Mr. Speaker, I look forward to working with the hon. member to strengthen Durham. We have a lot of good work ahead.
On the specific question he asked, the problem is that marijuana is already accessible to young people. As I said in my comments, for over 20% of young people there is a current prevalence rate of marijuana.
We can live in a pretend reality where we imagine that young people do not have access to it, where we imagine that is not the case, but the reality of the efforts for the last 10 years is a consistent increase in the prevalence rate for which this substance is smoked and utilized.
If there is an honest interest, and let us be clear about that, in actually reducing the prevalence of marijuana among young people, then the science is clear.
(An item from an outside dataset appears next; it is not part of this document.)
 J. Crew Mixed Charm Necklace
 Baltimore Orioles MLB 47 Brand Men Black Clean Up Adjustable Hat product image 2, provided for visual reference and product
The science is that, as it currently stands, it is far too easy for a young person to obtain the substance, that criminals do not care who they sell their product to, that the controls are utterly inadequate, and that the policies of the past have been an abject failure.
The reality is, when we look at where tobacco was, there was a prevalence rate of almost 50%. The policies around restriction, around ensuring young people did not have access, around going after public health campaigns to ensure that people understood the dangers of the substance they were dealing with, allowed that prevalence rate to be pulled from over 50% down to 9% for youth. That is pretty instructive.
If we set as an objective the reduction of the prevalence rate of marijuana to the prevalence rate of smoking, as a near-term target, and I do not suggest that is an end, then we would have accomplished much, but what has been accomplished to date is nothing but failure. If we want to make real change, let us do it.